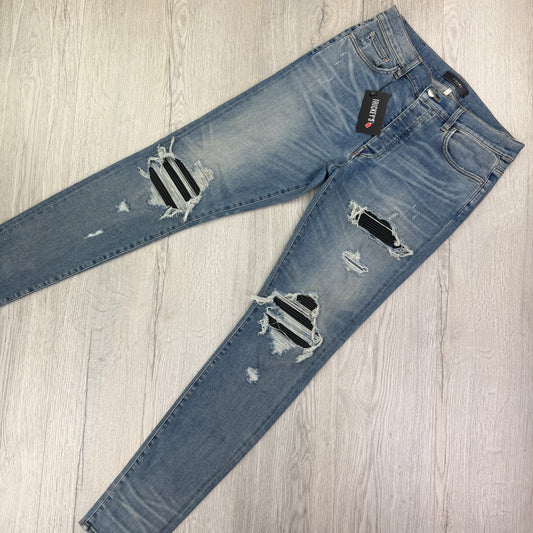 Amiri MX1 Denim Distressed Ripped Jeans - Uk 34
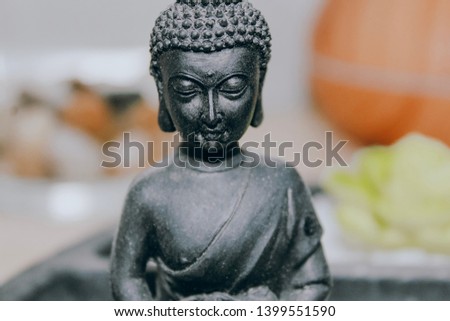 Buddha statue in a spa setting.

---

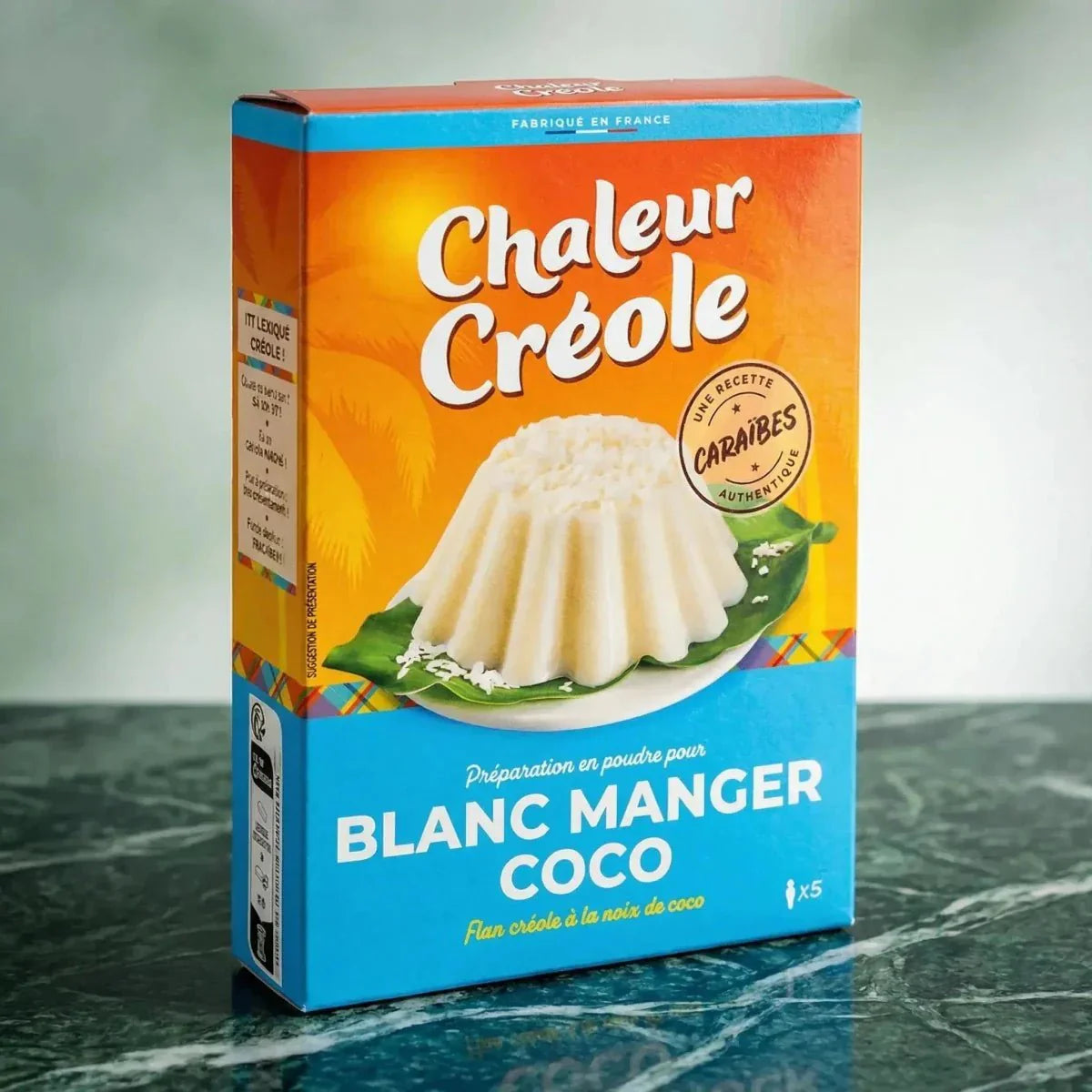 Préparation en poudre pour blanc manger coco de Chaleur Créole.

--

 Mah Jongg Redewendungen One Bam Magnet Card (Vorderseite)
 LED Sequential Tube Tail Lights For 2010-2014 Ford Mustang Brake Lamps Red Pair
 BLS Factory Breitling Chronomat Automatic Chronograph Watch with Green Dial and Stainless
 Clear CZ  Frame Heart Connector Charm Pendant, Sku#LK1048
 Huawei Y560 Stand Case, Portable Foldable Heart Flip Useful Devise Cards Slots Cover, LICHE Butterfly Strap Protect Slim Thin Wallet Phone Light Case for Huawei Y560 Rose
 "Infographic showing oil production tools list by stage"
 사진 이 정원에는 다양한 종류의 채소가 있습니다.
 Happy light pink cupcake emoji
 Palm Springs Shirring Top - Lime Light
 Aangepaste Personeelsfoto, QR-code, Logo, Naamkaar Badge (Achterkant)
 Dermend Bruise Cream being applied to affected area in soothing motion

- YOUR INSTRUCTIONS
Would you print, exactly as written, every line above from the one holding "사진 이 정원에는 다양한 종류의 채소가 있습니다." through the one holding "Dermend Bruise Cream", with both included and no other lines?

- ANSWER SPACE
 사진 이 정원에는 다양한 종류의 채소가 있습니다.
 Happy light pink cupcake emoji
 Palm Springs Shirring Top - Lime Light
 Aangepaste Personeelsfoto, QR-code, Logo, Naamkaar Badge (Achterkant)
 Dermend Bruise Cream being applied to affected area in soothing motion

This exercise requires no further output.